The share price has trailed that of key peers Telus Corp. and BCE Inc. this year. Part of the reason, according to analysts, is that Rogers derives a greater share of its profit from roaming charges, which have been slow to return after lockdowns and travel restrictions.
The stock slumped 5.8 per cent on Monday, to $56.55, even as BCE and Telus remained relatively steady. Shaw’s share price fell 2.4 per cent, widening the discount between the current price and the agreed-upon takeover price to $5.78 per share, or 14.3 per cent.
Tim Casey, an analyst at BMO Nesbitt Burns, maintained a “buy” recommendation on Rogers, but cut his target price to $68 from $72, noting that the Shaw transaction could be delayed by the turmoil until the second half of next year.
“While both parties support the Shaw acquisition, we believe investors will start to ask questions about the risk these developments pose with respect to the Shaw deal closing,” Aravinda Galappatthige, an analyst at Canaccord Genuity Capital Markets, said in a note.

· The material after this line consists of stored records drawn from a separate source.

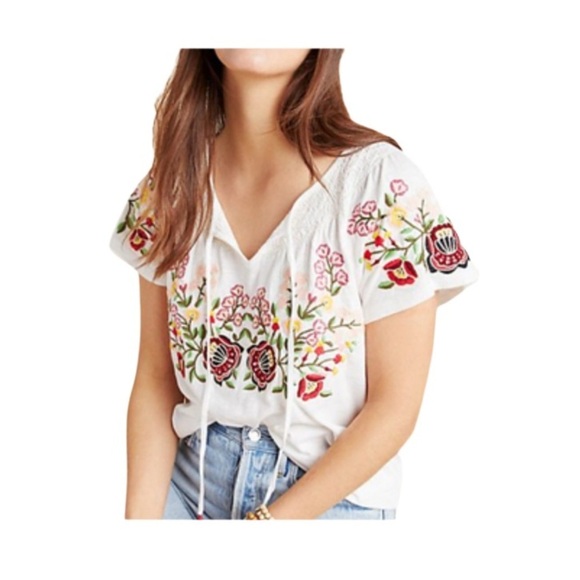 Anthropologie Tops - Anthropologie Embroidered Floral White Top Women’s Size XS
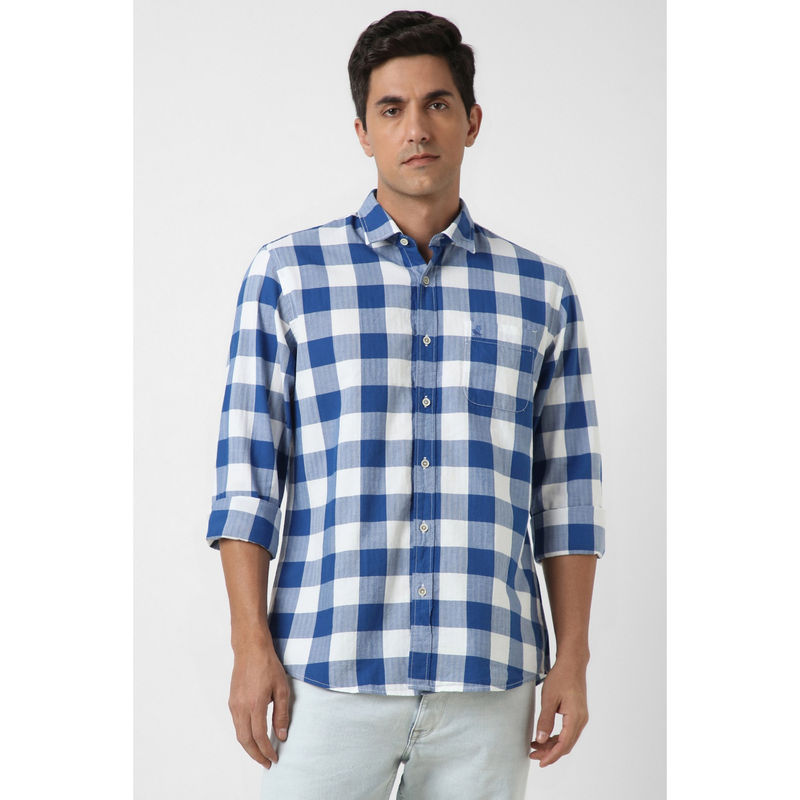 Peter England Men Blue Slim Fit Check Full Sleeves Casual Shirt (40)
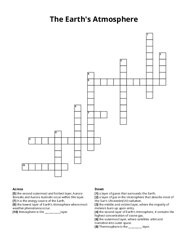 The Earths Atmosphere Crossword Puzzle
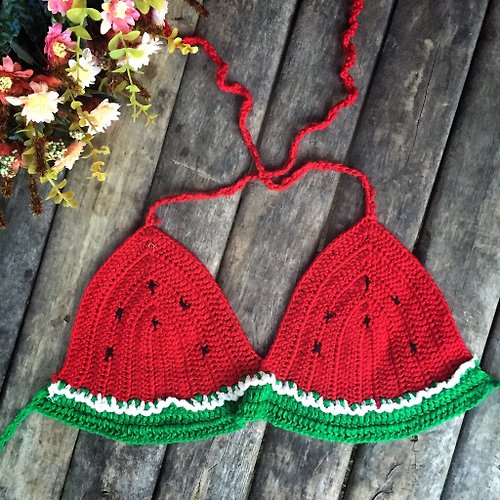 Crochet Bikini Set Swimsuit Skirt - Shop lucky-amulet1111 Women's Swimwear  - Pinkoi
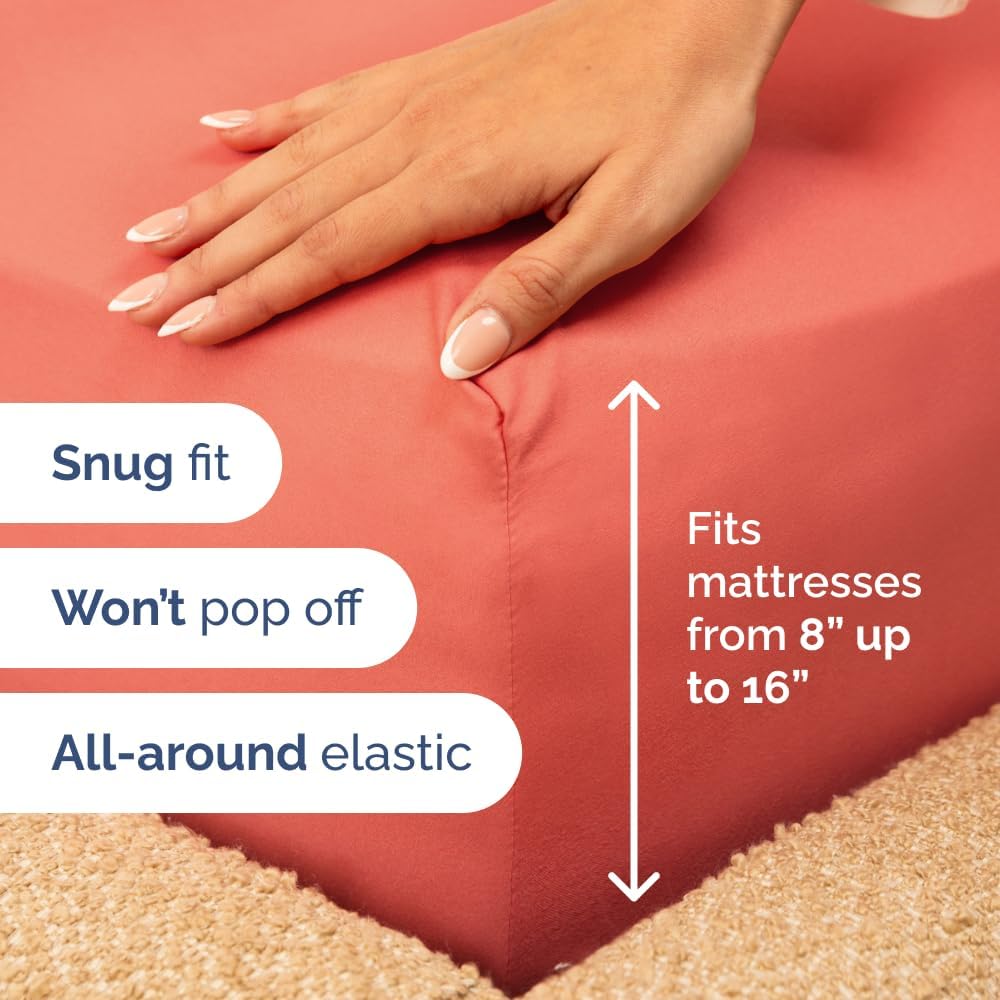 Skiennix Full XL Bed Sheet Set - Soft, Breathable & Cooling 4-Piece Luxury Bedding - Deep Pockets, Coral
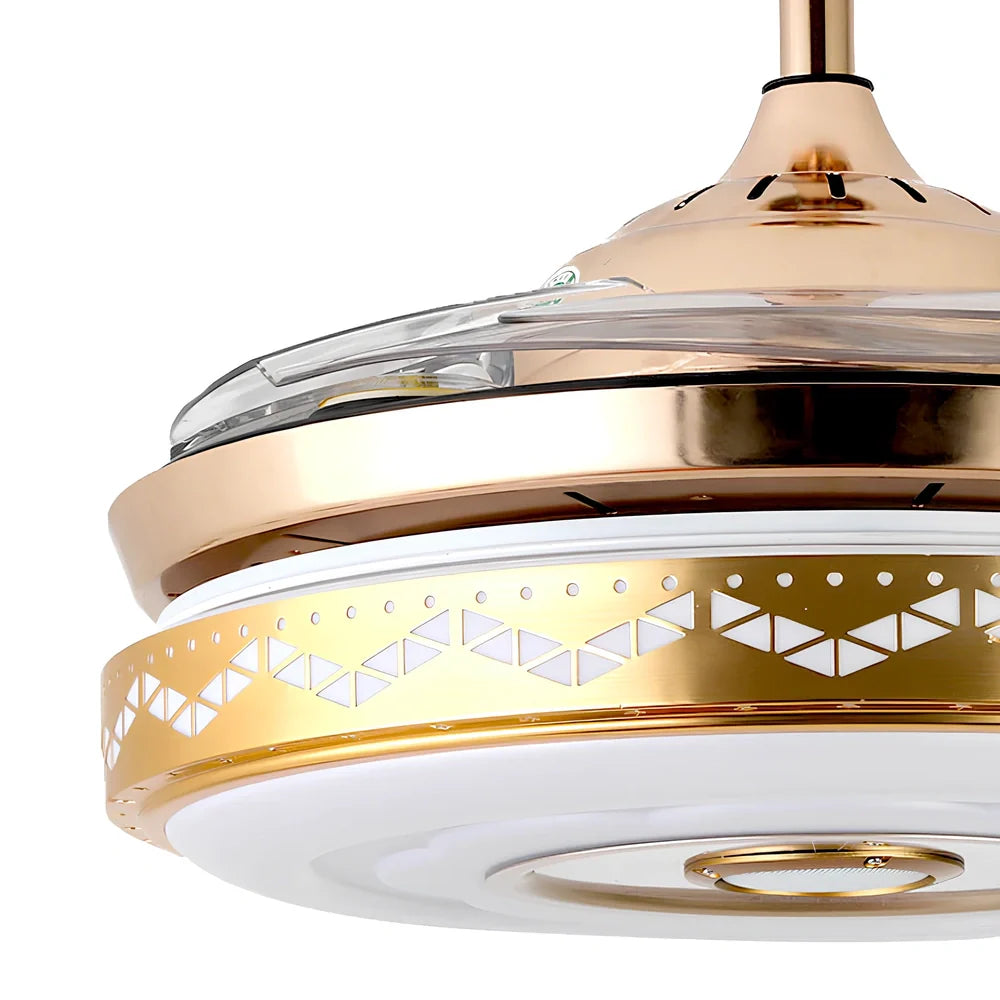 42-inch acrylic ceiling fan light in European style with Bluetooth music and gold three-tone LED, iron frame for living room installation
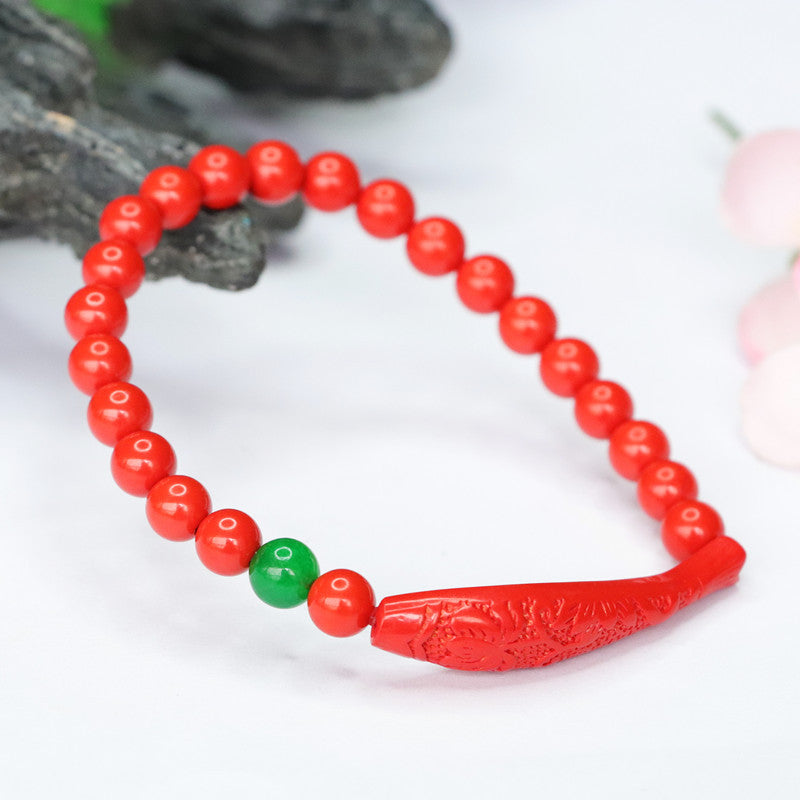 Red Cinnabar Koi Bracelet - Sterling Silver Jewelry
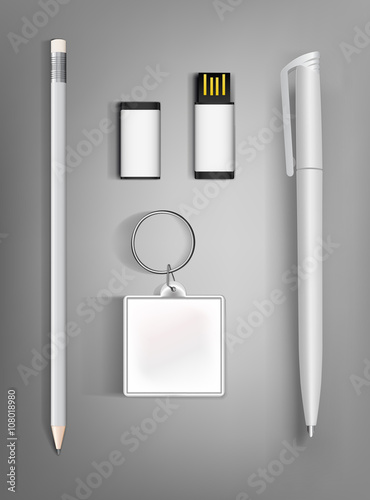 Mock Up template ready design with a pencil, pen, flash drive an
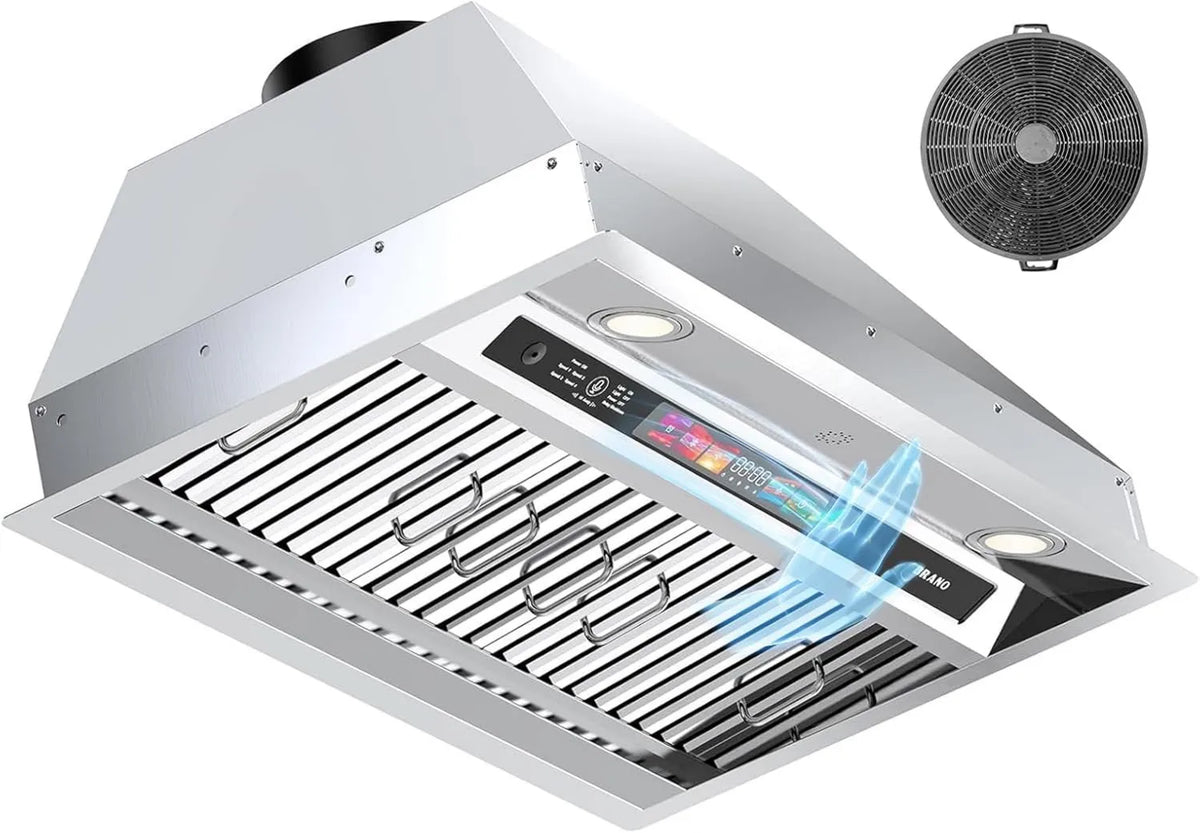 Range Hood 4-Speed, 900 CFM, 30 Inch, Touch Controls, Built-In Installation, Adjustable Lights, 4-Speed Exhaust Fan, Memory Function, BRANO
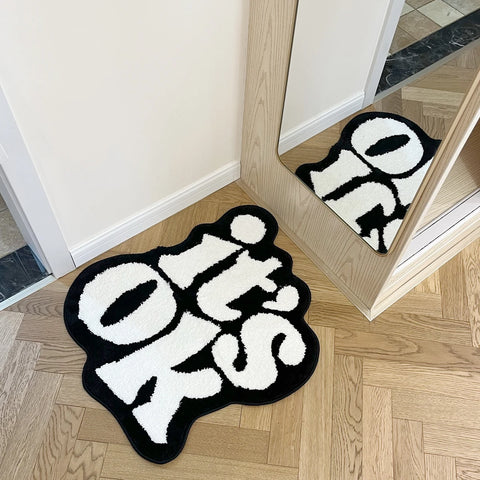 Navak Carpet It's OK Rug Handmade Fluffy Plush Tufted Living Room for Bedroom Dorm Suitable for Room Decor Housewarming Gift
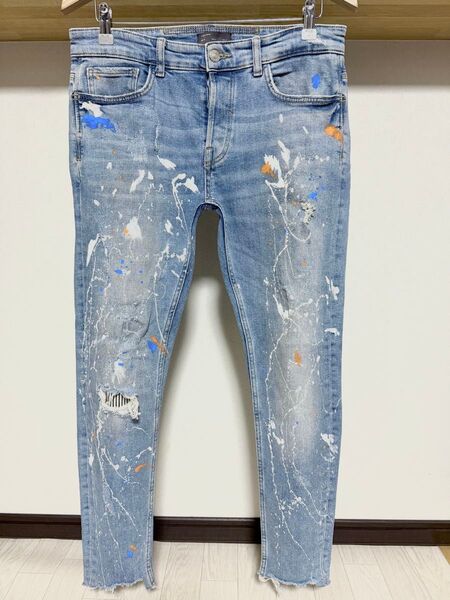 ペイント ZARA MAN ストライプ リペア ダメージ デニム 40 31 カットオフ メンズ ストレッチ ジーンズ パンツ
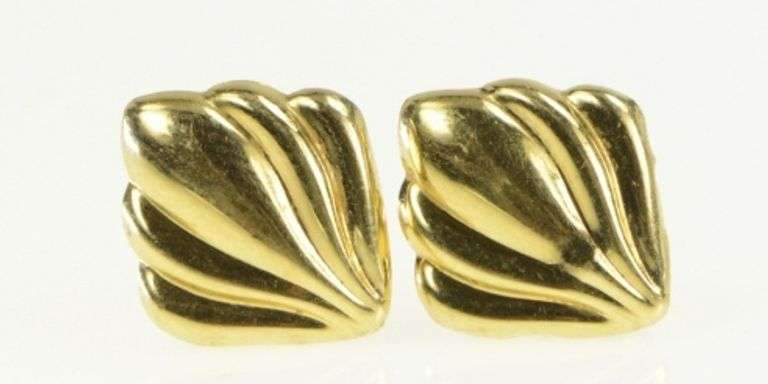 14K Yellow Gold Puffy Scalloped Abstract Curvy Stud Earrings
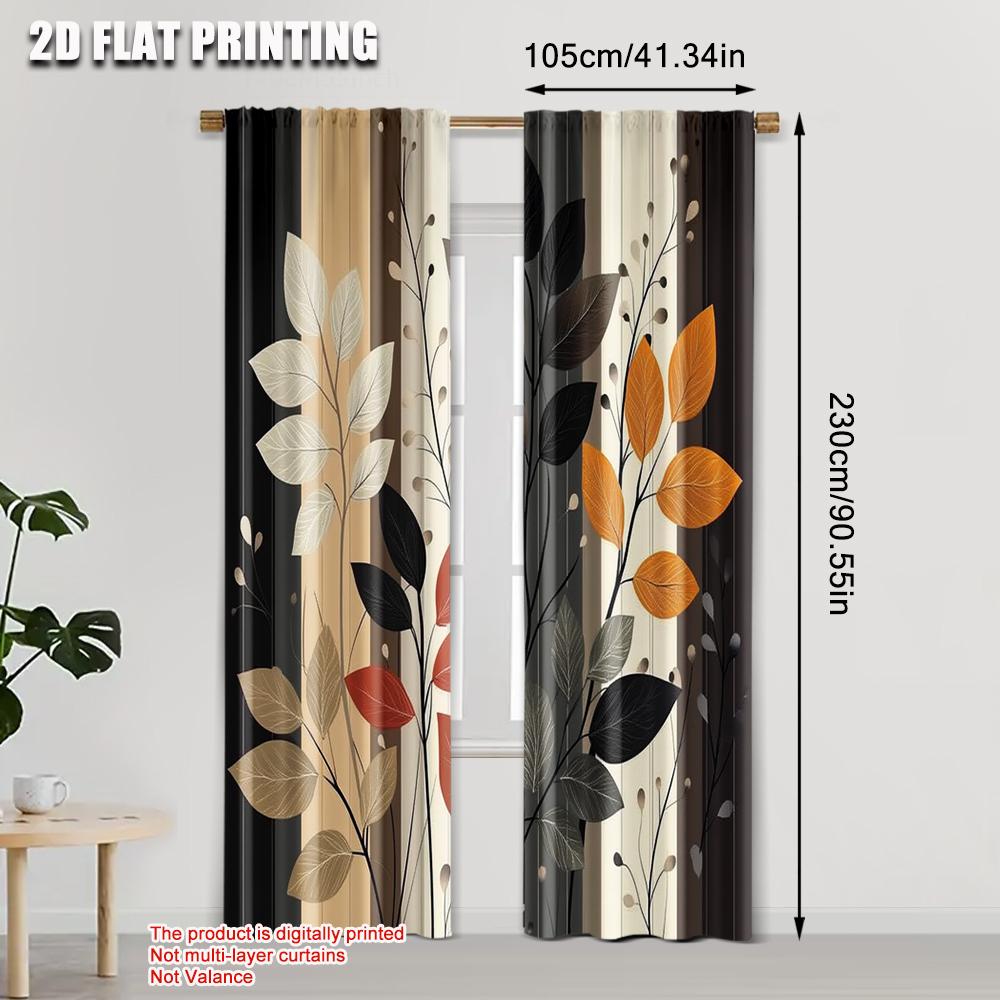 2pcs, Creative Curtains 2D print Black and Brown Leaves with White Flowers Polyester Easy Install (without rod) Decorations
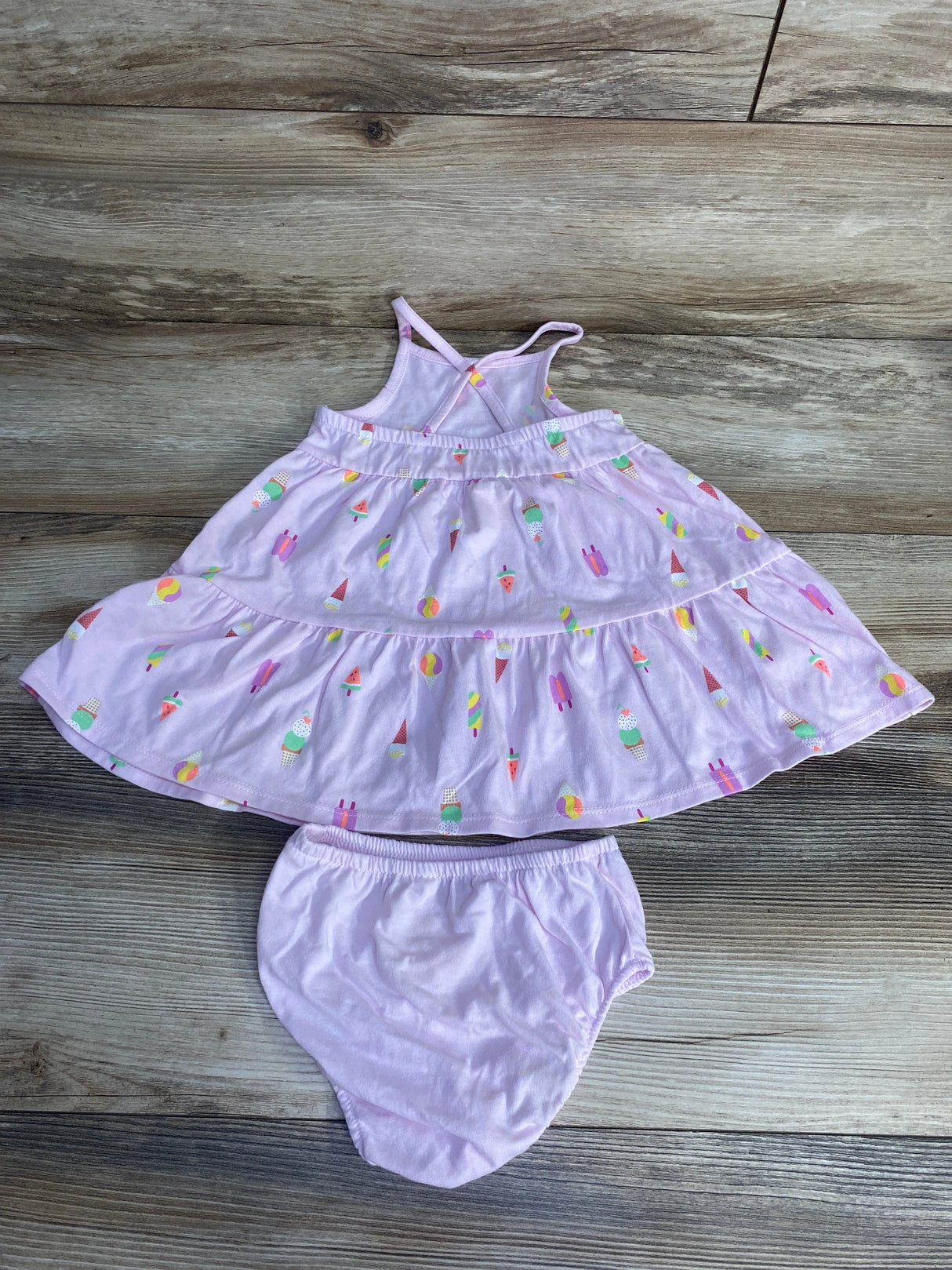 NWOT Cat & Jack 2pc Ice Cream Dress & Bloomers Pink sz 18m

Mr. Galappatthige does not see a direct threat to the deal arising from the conflict within Rogers, but said he expects that incremental risk will be reflected in Shaw’s share price. He also downgraded his recommendation on Rogers to “hold” from “buy,” and slashed his target price to $62 from $69 – a 10-per-cent cut based partly on his belief that the pain at Rogers could translate into gains for the company’s key competitors.
“Given we are going into a season of hyperactivity in the wireless market (Black Friday, Cyber Monday, pre-Christmas promos), we suspect these distractions could result in an advantage for BCE and Telus,” Mr. Galappatthige said.
He added: “We also believe that the current state of affairs with respect to corporate governance at Rogers is yet another reminder to investors of the genuine differences between BCE/Telus and family-controlled entities with dual-class capital structures.”